Multiple seismic discontinuities near the base of the transition zone in the Earth's mantle

The seismologically defined boundary between the transition zone in the Earth's mantle (410–660 km depth) and the underlying lower mantle is generally interpreted to result from the breakdown of the γ-spinel phase of olivine1 to magnesium-perovskite and magnesiowustite2. Laboratory measurements of these transformations of olivine have determined that the phase boundary has a negative Clapeyron slope and does indeed occur near pressures corresponding to the base of the transition zone2,3. But a computational study has indicated that, because of the presence of garnet minerals, multiple seismic discontinuities might exist near a depth of 660 km (ref. 4), which would alter the simple negative correlation of changes in temperature with changes in the depth of the phase boundary.

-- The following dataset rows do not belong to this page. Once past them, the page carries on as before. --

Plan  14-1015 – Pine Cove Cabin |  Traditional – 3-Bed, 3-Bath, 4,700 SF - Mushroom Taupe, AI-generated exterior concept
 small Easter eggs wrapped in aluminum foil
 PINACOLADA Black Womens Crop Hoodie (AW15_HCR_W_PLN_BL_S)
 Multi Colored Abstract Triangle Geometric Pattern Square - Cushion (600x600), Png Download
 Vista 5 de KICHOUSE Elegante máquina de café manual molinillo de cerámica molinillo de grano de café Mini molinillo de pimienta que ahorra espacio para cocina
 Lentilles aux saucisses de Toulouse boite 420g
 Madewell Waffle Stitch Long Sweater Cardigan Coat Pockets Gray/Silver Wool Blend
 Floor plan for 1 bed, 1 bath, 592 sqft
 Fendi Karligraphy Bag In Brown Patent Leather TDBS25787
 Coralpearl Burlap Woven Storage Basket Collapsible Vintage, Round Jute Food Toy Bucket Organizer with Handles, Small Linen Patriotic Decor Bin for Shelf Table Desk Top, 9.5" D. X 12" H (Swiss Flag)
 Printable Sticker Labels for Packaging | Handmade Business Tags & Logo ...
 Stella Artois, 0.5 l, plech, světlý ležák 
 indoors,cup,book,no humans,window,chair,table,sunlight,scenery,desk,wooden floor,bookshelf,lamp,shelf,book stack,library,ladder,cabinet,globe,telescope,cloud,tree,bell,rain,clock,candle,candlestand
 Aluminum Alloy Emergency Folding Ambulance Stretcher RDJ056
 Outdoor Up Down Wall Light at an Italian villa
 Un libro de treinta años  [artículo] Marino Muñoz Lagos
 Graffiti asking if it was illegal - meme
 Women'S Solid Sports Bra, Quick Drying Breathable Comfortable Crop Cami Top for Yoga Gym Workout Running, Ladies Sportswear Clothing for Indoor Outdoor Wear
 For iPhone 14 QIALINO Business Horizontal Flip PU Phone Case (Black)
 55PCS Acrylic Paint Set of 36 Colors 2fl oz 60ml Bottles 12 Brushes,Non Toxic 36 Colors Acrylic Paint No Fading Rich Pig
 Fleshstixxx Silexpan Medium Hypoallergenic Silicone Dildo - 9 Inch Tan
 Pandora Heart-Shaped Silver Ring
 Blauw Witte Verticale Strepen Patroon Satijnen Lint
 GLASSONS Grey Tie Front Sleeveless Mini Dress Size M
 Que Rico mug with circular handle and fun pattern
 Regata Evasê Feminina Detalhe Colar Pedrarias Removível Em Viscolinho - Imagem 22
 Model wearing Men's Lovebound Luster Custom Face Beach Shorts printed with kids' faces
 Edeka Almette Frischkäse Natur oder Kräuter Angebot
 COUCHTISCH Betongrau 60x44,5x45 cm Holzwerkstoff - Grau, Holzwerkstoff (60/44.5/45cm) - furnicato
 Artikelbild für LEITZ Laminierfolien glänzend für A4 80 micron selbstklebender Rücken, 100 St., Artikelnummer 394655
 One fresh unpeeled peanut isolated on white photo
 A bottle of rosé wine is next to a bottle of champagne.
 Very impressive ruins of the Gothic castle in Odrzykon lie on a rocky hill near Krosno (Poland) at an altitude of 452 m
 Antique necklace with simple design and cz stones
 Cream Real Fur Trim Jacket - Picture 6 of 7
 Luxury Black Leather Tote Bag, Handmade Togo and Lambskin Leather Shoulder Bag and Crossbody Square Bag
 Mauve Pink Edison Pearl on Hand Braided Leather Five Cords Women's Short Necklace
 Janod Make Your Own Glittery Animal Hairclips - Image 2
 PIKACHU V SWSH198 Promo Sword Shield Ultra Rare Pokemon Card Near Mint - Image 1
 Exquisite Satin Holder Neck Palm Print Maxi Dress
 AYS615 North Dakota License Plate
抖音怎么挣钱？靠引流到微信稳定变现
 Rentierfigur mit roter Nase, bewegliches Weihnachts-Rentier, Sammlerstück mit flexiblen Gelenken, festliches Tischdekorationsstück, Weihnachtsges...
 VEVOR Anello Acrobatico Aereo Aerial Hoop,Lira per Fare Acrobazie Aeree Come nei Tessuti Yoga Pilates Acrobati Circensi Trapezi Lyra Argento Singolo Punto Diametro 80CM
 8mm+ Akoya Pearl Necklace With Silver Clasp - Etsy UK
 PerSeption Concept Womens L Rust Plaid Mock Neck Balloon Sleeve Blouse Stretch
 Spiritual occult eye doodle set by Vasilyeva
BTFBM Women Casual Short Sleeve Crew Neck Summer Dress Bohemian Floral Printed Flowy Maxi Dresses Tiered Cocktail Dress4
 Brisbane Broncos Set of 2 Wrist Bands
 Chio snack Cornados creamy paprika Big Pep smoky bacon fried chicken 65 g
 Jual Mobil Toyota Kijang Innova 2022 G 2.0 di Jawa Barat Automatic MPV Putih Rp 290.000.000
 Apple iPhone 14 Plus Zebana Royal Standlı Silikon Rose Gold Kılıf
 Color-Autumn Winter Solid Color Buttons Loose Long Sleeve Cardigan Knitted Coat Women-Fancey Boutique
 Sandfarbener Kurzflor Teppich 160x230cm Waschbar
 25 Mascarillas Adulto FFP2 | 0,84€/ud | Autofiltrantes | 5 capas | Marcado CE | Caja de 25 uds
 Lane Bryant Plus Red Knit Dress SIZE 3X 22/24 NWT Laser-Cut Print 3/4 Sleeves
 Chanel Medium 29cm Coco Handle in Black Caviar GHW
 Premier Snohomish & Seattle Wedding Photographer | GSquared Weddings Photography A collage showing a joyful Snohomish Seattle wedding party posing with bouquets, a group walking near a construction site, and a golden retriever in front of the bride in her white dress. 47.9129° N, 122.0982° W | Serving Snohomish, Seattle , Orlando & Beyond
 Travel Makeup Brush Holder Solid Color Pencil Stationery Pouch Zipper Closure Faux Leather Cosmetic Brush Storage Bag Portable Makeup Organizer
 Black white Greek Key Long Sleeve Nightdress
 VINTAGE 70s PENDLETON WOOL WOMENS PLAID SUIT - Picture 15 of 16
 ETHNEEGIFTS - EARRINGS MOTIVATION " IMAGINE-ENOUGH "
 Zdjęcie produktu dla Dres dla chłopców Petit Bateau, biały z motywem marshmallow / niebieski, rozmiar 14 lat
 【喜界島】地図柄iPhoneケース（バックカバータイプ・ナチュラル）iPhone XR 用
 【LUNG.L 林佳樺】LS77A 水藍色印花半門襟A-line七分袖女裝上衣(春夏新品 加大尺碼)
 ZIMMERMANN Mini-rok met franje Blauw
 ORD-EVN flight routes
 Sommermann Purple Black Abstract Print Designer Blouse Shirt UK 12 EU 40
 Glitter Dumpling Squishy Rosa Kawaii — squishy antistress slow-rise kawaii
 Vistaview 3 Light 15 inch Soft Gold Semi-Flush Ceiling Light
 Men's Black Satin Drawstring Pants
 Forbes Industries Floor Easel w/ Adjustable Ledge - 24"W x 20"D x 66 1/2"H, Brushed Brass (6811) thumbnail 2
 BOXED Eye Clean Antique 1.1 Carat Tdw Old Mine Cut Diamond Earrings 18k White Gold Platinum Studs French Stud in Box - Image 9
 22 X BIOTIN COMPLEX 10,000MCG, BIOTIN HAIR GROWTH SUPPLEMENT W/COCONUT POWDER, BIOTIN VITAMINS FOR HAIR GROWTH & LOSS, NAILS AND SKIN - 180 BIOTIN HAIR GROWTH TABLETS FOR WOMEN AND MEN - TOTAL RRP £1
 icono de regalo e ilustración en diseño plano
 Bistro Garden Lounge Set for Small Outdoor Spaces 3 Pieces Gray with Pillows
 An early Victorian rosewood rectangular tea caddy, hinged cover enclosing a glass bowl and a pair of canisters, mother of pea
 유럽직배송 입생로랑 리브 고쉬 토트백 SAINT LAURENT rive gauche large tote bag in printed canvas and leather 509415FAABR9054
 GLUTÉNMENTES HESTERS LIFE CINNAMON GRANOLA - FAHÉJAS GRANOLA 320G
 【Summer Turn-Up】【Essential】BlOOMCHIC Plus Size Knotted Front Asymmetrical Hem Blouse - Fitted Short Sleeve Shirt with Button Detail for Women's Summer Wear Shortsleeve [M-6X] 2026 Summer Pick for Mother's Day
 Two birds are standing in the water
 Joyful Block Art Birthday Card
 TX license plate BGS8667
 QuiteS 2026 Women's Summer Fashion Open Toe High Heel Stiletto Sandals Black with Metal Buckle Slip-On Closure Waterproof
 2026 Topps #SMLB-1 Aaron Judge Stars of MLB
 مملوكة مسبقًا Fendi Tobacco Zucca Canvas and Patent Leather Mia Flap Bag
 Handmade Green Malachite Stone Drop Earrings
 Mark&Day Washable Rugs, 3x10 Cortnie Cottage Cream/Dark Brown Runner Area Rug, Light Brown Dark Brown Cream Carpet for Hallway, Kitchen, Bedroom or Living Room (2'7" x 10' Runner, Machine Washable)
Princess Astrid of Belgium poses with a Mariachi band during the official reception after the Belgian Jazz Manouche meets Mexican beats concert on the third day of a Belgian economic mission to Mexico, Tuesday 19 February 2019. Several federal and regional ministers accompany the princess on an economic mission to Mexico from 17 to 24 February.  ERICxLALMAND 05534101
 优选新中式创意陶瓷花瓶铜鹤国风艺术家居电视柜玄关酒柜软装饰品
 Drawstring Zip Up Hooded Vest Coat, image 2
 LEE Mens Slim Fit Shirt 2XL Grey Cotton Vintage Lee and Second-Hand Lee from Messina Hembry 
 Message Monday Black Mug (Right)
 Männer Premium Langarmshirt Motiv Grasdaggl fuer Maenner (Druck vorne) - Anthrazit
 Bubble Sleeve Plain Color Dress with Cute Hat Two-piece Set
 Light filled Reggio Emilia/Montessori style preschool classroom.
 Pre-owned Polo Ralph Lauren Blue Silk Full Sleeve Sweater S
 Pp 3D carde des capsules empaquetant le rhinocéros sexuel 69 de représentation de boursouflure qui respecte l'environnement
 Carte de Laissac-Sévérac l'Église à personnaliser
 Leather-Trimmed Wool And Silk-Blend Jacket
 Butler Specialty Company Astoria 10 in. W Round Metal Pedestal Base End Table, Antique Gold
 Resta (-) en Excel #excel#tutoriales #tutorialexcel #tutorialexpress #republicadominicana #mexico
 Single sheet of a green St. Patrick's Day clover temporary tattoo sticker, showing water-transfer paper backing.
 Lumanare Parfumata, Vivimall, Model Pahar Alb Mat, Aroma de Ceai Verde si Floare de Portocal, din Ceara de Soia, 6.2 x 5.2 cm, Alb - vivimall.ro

In particular, garnet minerals undergo exothermic transformations near this depth, acting to complicate the phase relations5,6,7,8,9 and possibly effecting mantle convection processes in some regions9. Here we present seismic evidence that supports the existence of such multiple transitions near a depth of 660 km beneath southern California. The observations are consistent with having been generated by garnet transformations coupling with the dissociation of the γ-spinel phase of olivine. Temperature anomalies calculated from the imaged discontinuity depths—using Clapeyron slopes determined for the various transformations4—generally match those predicted from an independent P-wave velocity model of the region.